Specifically, Public Law 116-286, the 1921 Silver Dollar Coin Anniversary Act, instructs the Secretary of the Treasury to produce coinage recognizing the centennial anniversary in 2021 of the production transition from Morgan dollars to Peace dollars.
Designed by George T. Morgan, the Morgan silver dollar was produced from 1878 to 1904, and then again in 1921. The obverse bears a profile portrait of Lady Liberty and the reverse depicts a heraldic eagle.
Designed by Anthony de Francisci, the Peace silver dollar was minted from 1921 to 1935. The Goddess of Liberty design appears on its obverse while a bald eagle clutching the olive branch is depicted on its reverse.
"These iconic silver dollars with vastly different representations of Lady Liberty and the American Eagle, reflect a changing of the guard in 1921 in the United States and therefore on the 100th anniversary must begin to be minted again to commemorate this significant evolution of American freedom," describes the 1921 Silver Dollar Coin Anniversary Act.
The Act mandates that the centennial editions bear renditions of the designs historically used on the iconic dollars. No other design requirements are stated. The final designs will be selected by the Treasury Secretary after consultation with the Commission of Fine Arts (CFA) and reviewed by the Citizens Coinage Advisory Committee (CCAC).
No mintages or qualities are specified for the 2021 silver dollars either, giving the U.S. Mint freedom in where they will be struck and in what finishes.
The Morgan silver dollar was produced at Philadelphia, Denver, San Francisco, Carson City, and New Orleans. The Peace silver dollar was produced in Philadelphia, Denver and San Francisco.
The centennial dollars will weigh 26.73 grams, have a diameter of 1.500 inches, contain not less than 90% silver, and have a reeded edge.

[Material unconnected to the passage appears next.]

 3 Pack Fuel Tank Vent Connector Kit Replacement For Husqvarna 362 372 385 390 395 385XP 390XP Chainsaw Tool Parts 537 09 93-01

Championed by CCAC members Thomas J. Uram and Mike Moran, Rep. Andy Barr [R-KY] introduced the 1921 Silver Dollar Coin Anniversary Act on March 11. It passed in the House on Sept. 22 and then in the Senate on Dec. 17. President Trump signed the Act into law on Jan. 5.
The pair of silver coins are to be considered numismatic products, and not part of a traditional U.S. Mint commemorative coin program which, by law, is limited to two annually. This year’s two commemorative programs feature silver dollars honoring Christa McAuliffe and coins honoring the National Law Enforcement Memorial and Museum.